Vendredi 28 juillet, la compagnie ferroviaire espagnole Renfe ouvrira une nouvelle ligne à grande vitesse permettant de relier Madrid à Marseille. Presque huit heures de trajet et un seul aller-retour par semaine pour l’instant, mais des billets commençant à 29 euros. « Des prix absolument concurrentiels par rapport au secteur aérien », promet Susana Lozano, patronne des lignes à grande vitesse de Renfe, qui concurrence désormais la SNCF sur son territoire avec deux liaisons (Marseille-Madrid et Lyon-Barcelone).
Déjà bousculé sur Paris-Lyon-Milan par l’opérateur italien Trenitalia depuis décembre 2021, Jean-Pierre Farandou, le PDG de la compagnie française, fait mine d’être serein, mais il ne prend pas la menace à la légère, surveillant de près l’équilibre économique du TGV, aujourd’hui principale source de rentabilité de l’entreprise.
Si les bénéfices de cette branche sont au rendez-vous, c’est en effet grâce à quelques lignes très rentables. En tête, il y a les liaisons internationales, qui partent de Paris vers Bruxelles, Cologne, Londres, Amsterdam, Barcelone, Francfort. Il y a aussi des liaisons domestiques : de Paris vers Lyon, Marseille, Colmar ou Strasbourg. D’autres sont moins profitables mais tout de même bénéficiaires, comme Paris-Lille, Calais (Pas-de-Calais) ou Dunkerque (Nord). Beaucoup d’autres, en revanche, coûtent de l’argent à la SNCF.

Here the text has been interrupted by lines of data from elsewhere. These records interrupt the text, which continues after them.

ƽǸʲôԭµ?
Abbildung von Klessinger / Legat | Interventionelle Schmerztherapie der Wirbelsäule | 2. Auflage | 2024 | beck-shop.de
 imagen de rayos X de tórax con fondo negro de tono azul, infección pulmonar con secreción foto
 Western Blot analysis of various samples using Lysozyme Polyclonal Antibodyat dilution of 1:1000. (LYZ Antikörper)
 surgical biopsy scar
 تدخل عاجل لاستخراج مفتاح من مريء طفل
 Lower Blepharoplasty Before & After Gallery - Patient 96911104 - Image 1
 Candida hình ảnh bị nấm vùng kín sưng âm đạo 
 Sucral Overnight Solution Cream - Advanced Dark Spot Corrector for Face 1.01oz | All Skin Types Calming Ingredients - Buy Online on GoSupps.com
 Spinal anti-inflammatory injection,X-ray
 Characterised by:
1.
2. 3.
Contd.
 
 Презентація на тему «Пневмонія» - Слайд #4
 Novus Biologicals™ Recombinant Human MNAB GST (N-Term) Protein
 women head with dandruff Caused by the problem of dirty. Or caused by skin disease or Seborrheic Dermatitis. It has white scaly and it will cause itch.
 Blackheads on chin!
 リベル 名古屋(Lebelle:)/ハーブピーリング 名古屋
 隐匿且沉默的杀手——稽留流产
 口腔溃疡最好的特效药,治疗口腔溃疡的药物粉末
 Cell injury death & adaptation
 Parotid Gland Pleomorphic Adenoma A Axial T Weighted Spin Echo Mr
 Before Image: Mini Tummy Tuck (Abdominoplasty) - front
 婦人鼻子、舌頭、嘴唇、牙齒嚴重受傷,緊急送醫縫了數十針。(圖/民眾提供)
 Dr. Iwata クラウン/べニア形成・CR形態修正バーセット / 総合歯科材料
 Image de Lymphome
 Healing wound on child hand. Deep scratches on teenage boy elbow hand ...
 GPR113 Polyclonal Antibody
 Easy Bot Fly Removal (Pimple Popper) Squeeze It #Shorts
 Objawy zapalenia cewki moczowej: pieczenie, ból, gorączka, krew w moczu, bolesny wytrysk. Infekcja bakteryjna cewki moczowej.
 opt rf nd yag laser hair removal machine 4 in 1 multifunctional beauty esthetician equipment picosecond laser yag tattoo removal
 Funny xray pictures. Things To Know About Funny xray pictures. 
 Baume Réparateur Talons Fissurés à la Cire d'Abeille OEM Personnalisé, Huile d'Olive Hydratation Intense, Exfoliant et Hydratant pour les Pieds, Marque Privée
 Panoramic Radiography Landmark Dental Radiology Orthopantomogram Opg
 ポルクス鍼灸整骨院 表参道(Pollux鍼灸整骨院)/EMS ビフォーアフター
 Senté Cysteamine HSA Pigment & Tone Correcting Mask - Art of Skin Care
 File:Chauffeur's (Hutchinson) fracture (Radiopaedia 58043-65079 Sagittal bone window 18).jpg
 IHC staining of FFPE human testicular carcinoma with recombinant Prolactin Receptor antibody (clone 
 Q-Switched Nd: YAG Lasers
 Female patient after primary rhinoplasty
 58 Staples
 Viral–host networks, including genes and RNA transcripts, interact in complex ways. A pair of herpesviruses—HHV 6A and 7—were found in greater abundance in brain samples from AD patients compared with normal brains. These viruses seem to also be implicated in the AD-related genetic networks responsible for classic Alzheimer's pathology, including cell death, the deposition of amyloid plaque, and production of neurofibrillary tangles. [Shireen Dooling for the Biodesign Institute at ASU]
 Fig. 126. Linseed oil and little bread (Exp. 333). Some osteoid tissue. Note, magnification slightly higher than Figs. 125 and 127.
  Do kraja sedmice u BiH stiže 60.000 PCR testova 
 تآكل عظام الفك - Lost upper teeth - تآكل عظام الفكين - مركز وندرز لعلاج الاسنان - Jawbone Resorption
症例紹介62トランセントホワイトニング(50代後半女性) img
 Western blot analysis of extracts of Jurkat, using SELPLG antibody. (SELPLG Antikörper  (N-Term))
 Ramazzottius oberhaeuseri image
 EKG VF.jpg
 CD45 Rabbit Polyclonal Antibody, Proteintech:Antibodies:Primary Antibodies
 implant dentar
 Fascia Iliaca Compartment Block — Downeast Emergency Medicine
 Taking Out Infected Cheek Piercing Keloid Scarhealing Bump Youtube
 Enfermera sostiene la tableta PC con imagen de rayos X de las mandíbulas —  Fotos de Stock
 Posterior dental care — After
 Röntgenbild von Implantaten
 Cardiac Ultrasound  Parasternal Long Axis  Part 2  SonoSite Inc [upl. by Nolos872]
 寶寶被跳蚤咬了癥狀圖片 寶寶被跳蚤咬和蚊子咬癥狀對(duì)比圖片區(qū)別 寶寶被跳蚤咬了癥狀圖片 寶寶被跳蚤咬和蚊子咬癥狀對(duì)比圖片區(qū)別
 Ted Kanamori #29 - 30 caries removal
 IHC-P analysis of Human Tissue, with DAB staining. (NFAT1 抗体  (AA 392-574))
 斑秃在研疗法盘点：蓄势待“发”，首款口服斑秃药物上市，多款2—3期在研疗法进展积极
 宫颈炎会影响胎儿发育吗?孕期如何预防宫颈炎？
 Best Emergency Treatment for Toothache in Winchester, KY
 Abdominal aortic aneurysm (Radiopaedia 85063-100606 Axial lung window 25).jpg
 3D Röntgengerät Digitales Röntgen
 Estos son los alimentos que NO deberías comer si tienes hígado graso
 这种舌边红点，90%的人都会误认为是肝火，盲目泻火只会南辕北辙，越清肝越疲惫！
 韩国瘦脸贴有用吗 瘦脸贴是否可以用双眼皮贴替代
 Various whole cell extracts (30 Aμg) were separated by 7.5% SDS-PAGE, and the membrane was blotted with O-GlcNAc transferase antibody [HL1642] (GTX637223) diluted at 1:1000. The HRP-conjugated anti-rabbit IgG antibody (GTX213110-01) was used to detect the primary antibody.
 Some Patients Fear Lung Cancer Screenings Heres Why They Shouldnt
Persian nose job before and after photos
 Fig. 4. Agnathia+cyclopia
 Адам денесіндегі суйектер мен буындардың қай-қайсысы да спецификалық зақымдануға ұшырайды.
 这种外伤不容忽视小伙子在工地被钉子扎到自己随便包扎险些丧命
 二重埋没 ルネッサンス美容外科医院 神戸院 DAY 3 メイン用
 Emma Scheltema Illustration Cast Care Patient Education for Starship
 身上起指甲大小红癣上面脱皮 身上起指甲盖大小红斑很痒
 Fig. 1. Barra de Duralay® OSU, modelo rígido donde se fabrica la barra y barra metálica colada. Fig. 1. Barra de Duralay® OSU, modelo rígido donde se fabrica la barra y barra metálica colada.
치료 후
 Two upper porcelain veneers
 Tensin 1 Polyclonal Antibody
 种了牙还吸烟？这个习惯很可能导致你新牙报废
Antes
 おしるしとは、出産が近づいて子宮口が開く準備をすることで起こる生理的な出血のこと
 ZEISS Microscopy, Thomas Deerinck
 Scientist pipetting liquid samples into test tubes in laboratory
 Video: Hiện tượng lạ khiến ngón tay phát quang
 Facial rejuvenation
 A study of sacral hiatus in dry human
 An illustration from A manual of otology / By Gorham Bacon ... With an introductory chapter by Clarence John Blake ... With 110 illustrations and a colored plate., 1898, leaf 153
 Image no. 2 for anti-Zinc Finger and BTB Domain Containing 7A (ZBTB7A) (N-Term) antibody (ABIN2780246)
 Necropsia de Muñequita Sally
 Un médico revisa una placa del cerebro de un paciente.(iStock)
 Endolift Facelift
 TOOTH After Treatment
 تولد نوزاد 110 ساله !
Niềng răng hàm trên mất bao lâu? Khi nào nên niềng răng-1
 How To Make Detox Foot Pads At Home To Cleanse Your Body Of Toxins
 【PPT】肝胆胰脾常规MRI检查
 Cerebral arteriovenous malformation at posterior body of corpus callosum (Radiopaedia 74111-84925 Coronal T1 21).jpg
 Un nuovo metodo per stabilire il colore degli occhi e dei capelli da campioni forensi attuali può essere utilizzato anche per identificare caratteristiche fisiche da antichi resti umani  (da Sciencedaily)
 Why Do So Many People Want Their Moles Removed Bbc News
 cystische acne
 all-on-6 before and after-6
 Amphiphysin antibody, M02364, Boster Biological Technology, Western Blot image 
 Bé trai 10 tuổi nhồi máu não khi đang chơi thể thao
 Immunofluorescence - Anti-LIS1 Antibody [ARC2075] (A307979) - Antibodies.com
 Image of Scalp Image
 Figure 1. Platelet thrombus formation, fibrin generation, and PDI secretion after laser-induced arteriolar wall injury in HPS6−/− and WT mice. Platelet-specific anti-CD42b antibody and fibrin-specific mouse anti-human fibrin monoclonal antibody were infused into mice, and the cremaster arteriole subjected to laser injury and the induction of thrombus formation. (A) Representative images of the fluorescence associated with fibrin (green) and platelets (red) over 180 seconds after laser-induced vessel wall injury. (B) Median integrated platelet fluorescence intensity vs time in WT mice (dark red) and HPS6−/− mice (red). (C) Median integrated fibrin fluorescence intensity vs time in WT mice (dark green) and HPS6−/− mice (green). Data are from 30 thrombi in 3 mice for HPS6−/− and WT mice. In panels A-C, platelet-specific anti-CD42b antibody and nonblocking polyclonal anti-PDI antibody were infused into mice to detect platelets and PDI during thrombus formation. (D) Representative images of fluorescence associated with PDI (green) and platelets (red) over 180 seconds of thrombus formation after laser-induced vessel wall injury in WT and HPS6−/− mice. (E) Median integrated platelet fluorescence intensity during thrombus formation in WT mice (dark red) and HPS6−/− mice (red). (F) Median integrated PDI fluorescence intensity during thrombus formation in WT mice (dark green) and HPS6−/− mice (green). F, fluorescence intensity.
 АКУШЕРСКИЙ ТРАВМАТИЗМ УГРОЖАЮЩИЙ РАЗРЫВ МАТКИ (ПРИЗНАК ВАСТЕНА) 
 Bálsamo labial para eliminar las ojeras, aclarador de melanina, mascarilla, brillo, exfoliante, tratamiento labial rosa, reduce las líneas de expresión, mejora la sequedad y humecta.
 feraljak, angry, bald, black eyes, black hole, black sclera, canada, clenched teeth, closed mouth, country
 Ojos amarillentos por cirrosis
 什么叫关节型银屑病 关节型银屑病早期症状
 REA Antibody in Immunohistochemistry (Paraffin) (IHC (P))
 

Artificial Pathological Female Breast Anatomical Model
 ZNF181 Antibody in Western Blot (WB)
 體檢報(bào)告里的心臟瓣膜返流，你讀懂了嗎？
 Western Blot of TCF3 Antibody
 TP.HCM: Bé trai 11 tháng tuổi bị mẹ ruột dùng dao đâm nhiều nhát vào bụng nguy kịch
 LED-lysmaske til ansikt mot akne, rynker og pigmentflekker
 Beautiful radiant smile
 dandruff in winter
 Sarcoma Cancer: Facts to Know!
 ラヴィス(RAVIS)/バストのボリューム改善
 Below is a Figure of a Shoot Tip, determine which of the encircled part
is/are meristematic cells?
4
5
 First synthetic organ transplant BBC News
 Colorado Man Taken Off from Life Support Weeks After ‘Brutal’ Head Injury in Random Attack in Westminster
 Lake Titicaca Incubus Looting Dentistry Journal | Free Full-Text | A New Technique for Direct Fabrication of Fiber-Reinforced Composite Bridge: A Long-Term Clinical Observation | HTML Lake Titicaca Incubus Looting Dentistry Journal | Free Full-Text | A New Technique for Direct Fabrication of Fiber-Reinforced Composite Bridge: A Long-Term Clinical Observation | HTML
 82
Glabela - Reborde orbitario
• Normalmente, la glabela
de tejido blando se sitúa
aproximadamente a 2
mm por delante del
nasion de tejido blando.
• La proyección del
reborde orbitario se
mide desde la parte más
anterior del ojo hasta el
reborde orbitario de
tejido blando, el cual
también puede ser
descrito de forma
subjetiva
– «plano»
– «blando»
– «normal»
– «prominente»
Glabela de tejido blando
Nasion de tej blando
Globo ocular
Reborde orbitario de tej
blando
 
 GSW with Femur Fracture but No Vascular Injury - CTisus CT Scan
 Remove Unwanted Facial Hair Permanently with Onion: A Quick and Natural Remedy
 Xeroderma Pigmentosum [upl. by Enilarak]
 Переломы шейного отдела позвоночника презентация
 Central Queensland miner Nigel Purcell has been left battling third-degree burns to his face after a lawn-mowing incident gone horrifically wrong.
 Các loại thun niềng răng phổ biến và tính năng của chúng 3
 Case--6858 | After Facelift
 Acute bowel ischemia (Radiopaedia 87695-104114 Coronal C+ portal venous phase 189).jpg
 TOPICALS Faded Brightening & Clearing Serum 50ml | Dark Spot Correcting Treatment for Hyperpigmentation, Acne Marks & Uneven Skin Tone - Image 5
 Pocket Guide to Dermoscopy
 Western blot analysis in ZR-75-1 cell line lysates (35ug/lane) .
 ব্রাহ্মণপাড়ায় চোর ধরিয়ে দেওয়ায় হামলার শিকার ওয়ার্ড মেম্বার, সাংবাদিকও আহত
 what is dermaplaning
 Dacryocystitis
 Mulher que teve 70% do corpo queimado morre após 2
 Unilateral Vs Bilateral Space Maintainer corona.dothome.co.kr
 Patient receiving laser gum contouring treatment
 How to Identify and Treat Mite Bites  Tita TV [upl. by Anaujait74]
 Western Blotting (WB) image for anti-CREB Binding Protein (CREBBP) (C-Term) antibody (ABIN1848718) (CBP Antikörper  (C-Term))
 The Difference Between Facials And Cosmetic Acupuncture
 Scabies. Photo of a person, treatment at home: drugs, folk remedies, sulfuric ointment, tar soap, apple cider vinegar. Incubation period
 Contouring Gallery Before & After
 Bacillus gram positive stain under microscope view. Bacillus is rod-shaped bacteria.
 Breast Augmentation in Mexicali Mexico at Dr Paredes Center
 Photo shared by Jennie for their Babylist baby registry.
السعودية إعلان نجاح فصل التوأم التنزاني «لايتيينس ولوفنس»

Jean-Pierre Farandou le dit souvent : six TGV sur dix ne sont pas rentables en France. Les « vaches à lait » compensent les « foyers de perte », mais pour combien de temps encore ? Car lorsqu’on ouvre un marché à la concurrence, les nouveaux acteurs ne se précipitent pas pour faire rouler leurs trains sur les destinations déficitaires. Tous veulent leur part du gâteau profitable, qui, de ce fait, le devient un peu moins.
Pas subventionné par l’Etat
Dans ses prévisions, la SNCF s’attend donc à être fortement attaquée sur ces marchés : la concurrence pourrait prendre un petit tiers du trafic Paris-Lyon ou du Paris-Bruxelles d’ici à 2032 ou un quart du Paris-Londres.
Elle ne voit en revanche personne s’intéresser au Paris-Bordeaux, même si les trains sont pleins, car le coût du péage pour emprunter le tronçon entre Tours et Bordeaux est tel que l’exploitation n’est pas rentable ; il a été construit en concession par Vinci, la Caisse des dépôts et les fonds d’investissement Meridiam et Ardian. Pas de concurrent annoncé non plus sur le Paris-La Rochelle, le Paris-Dijon ou le Paris-Arras, lignes déficitaires.
A la différence des TER ou des trains intercités, le train à grande vitesse en France n’est pas subventionné par l’Etat. C’est une activité ouverte à la concurrence. SNCF Réseau, la filiale qui gère les rails et les sillons ferroviaires, doit mettre l’infrastructure à disposition de tous les opérateurs. Les premières années d’arrivée sur le marché, ils peuvent même demander une ristourne, ce que n’a pas manqué de faire Trenitalia (qui a obtenu un rabais de 37 % pour son exercice inaugural). Selon nos informations, Renfe négocie à son tour durement avec SNCF Réseau, qui a tenté de résister mais a dû se résoudre, sous la pression des avocats de l’espagnol, à ouvrir les discussions.